Und unsre Seelen schlugen fast zusammen.
Doch jeder blieb an seinem starren Tisch -
und stand zuletzt mit denen um ihn auf -
und ging hinaus - und sahn uns nimmermehr.

Ja, ich bin schon wieder im Gedichterausch. Der letzte Post war... französisch und ohne Kommentar meinerseits. Ich gebe zu, eigentlich wollte ich ihn kommentieren, doch fehlte mir die Zeit. Es fehlt einem so oft an Zeit... Doch darüber blogge ich heute nicht, vielleicht ein anderes Mal. Heute will ich wieder ein wenig interpretieren und bewerten, wie beim vorletzten Post. Kurios, auch dort war es ein Gedicht von Christian Morgenstern, welchem ich meine Aufmerksamkeit schenkte und welches ich... liebte. Ja, ich würde wirklich sagen, dass ich auch dieses Gedicht liebe. Es ist einfach perfekt.

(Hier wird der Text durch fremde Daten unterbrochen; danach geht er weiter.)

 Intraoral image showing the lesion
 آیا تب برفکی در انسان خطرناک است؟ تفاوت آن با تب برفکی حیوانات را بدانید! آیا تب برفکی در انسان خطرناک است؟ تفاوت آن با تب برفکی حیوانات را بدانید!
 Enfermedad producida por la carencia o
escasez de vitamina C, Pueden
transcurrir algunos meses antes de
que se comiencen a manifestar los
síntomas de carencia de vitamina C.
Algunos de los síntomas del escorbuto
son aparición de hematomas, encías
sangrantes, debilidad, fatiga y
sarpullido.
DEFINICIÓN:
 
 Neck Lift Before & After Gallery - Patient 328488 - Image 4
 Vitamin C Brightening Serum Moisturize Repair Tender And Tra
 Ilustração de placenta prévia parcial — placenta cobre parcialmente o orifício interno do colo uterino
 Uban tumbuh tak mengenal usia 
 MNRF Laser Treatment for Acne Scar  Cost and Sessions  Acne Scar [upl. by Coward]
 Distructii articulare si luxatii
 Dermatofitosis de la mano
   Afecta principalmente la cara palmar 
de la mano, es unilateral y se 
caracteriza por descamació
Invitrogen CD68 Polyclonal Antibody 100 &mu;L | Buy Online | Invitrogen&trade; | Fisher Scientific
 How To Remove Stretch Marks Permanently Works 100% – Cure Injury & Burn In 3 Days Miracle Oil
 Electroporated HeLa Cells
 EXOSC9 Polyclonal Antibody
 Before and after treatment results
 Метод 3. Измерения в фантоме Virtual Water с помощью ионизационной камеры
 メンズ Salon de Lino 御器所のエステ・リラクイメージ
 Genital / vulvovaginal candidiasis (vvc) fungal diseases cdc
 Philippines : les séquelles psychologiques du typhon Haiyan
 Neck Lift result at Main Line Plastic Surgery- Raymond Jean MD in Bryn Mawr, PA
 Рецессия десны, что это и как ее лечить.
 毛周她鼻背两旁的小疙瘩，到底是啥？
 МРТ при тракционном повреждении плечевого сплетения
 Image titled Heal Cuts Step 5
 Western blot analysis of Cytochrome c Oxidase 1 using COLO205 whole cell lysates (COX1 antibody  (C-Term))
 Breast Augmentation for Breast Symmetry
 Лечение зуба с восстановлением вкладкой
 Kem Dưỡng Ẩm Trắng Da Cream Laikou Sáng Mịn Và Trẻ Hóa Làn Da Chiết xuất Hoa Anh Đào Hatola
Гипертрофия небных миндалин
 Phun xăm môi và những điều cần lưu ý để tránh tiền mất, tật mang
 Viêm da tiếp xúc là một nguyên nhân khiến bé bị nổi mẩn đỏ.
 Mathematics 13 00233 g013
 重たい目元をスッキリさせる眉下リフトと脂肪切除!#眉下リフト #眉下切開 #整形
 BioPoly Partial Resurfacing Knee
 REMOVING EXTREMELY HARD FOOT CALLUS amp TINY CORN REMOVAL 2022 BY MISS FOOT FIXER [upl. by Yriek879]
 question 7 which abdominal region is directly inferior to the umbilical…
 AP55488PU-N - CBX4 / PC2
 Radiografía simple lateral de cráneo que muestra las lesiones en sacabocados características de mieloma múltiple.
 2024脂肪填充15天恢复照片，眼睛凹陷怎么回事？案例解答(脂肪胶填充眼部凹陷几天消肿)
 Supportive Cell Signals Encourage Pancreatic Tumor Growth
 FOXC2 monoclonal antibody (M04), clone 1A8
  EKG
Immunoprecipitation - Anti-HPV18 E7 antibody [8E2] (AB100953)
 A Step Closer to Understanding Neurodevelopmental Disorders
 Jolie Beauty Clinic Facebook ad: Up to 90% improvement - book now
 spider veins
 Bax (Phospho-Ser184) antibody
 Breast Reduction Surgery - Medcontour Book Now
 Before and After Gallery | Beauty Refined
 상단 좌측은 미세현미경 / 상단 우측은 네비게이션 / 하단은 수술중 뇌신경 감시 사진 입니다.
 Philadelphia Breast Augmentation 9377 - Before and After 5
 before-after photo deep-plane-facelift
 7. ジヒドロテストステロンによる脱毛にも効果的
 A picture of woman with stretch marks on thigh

Abgesehen davon, dass die Sprache wunderbar ist und die Wortwahl genial, werden auch sprachliche Mittel so erfrischend schön eingesetzt. Die zweite und die dritte Strophe weisen so viele Parallelen auf, dazu dieses Bild von der brennenden Seele! Ich schrieb vorher, ich wolle das hier ein bisschen interpretieren, doch will ich euch diesen Genuss nicht nehmen, denke ich. Ich für meinen Teil genieße dieses Gedicht einfach nur und will es deshalb doch nicht groß theoretisieren. Ist die erste Strophe nicht fantastisch? "Wir saßen irgendwo im Reich des Lebens." Hach, alleine die erste Strophe könnte ich mir hundertmal durchlesen. Dann wie schon erwähnt diese zwei wunderbaren  nächsten Strophen und dann - das herzzerreißende Ende. Ich weiß, ich schreibe heute ein wenig pathetisch, doch ich meine es auch so. Herzzerreißend, das ist es. Die Menschen, die nichts wollen, als sich kennen zu lernen und sich zu lieben, stehen einfach so mit der Gruppe, mit der sie gekommen sind, auf und gehen - ohne einander angesprochen zu haben. Traurig  - aber wahr. Ja, ich denke, deshalb ist es so herzzerreißend: Weil es wahr ist. Weil es wirklich vorkommt. Hier ist nichts aus den Fingern gezogen oder in irgendeinem romantsichen Kopf entsprungen, hier wird ein Stückchen Realität in wunderbarste Sprache gepackt.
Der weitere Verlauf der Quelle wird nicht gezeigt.